Rep. Michael Cloud (R., Texas), a chief critic of the ATF's gun database, is spearheading the legislation, which is likely to garner support from a wide range of Republican lawmakers but few Democrats in the House. The bill, dubbed the No REGISTRY Rights Act, would require the ATF to delete all existing records detailing American firearm sales. The ATF has been collecting this data for years, even though U.S. law prohibits the government from keeping a federal database on gun owners.

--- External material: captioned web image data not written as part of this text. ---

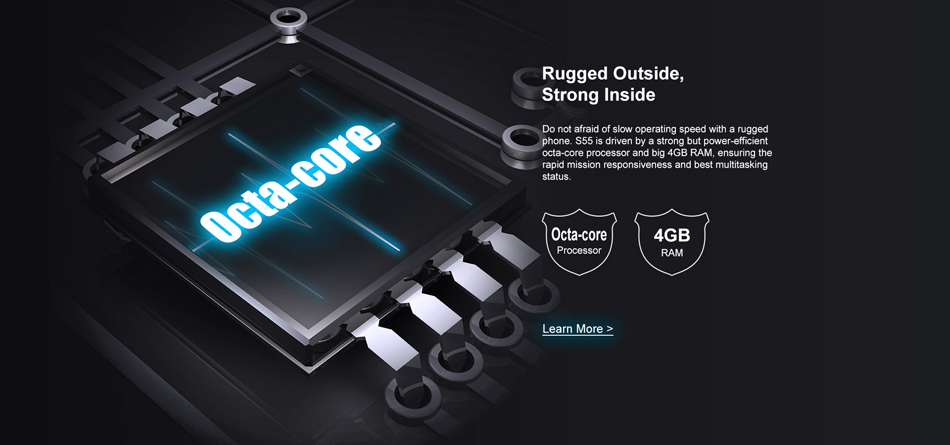 DOOGEE S55 5.5 inch IP68 Android 8.0 4GB RAM 64GB ROM MTK6750T Octa Core 4G Smartphone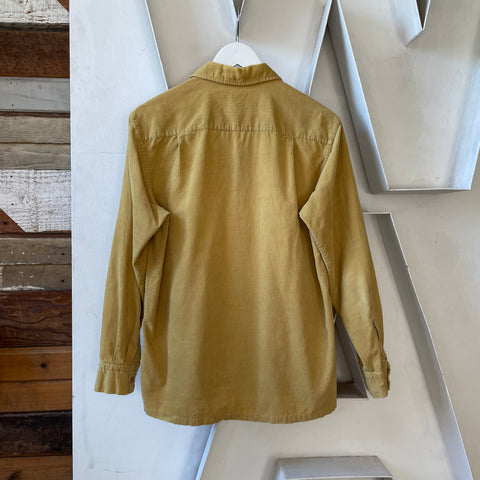 60's Corduroy Loop Collar Shirt - Medium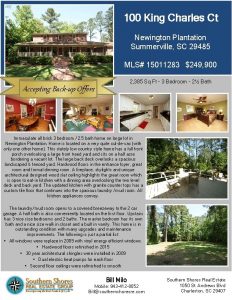 100 King Charles Ct Newington Plantation Summerville SC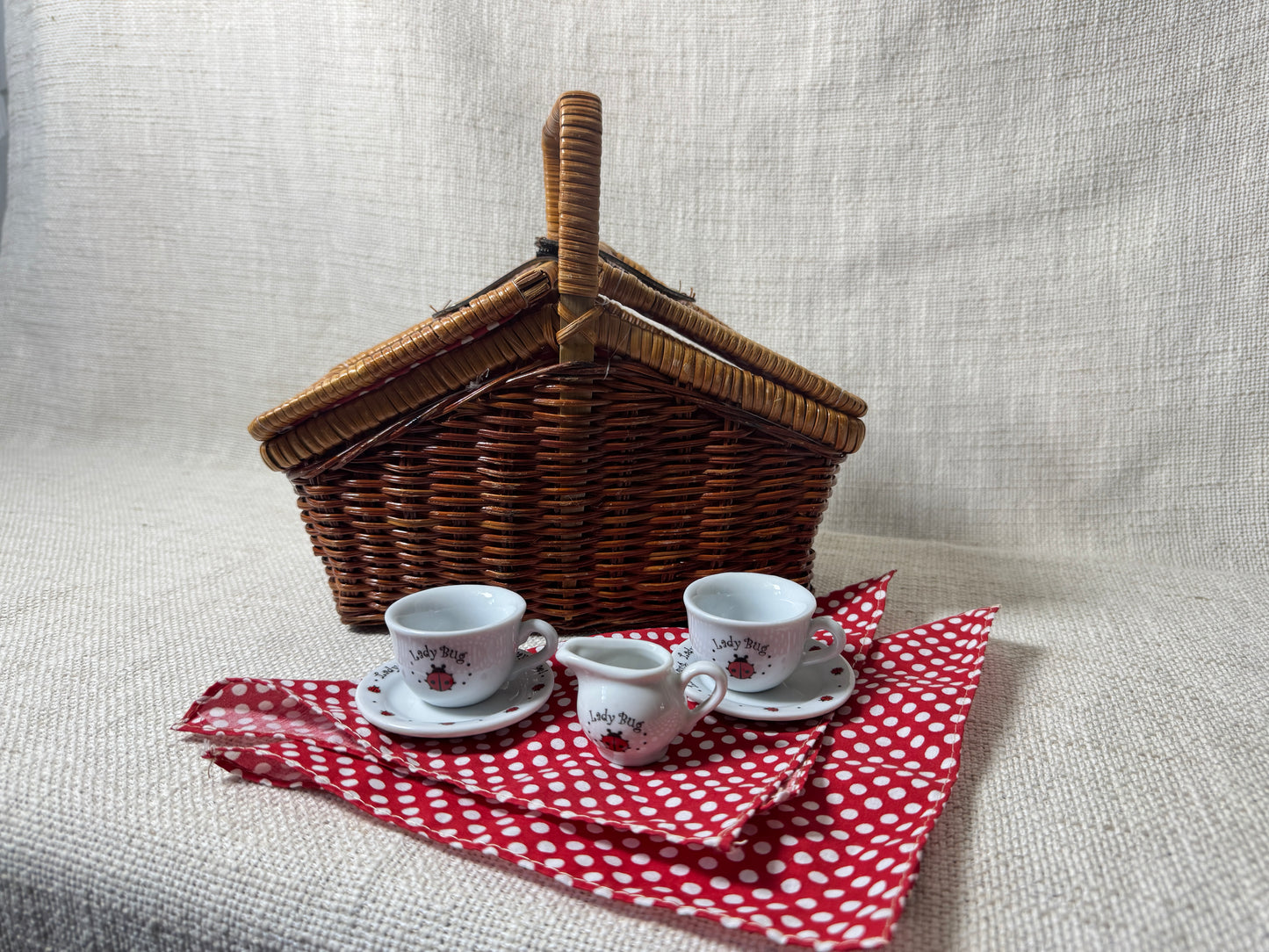 Wicker Basket with handle child's tea party set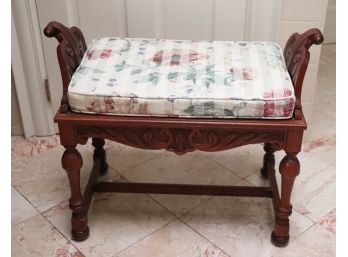 Antique Style Wood Vanity Bench With Custom Peony Silk Print Cushion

Cloud's bill is a direct response to the Biden administration's proposed plan to mandate that firearm dealers keep their records in perpetuity and provide them to the federal government. The bill would not only force the ATF to delete all of its existing firearm transactions records, but also allow licensed gun dealers to destroy their records when they go out of business, effectively stopping the federal government from adding to its database—which critics like Cloud and gun rights advocates have long seen as a blatant bid to track American gun owners in violation of the law.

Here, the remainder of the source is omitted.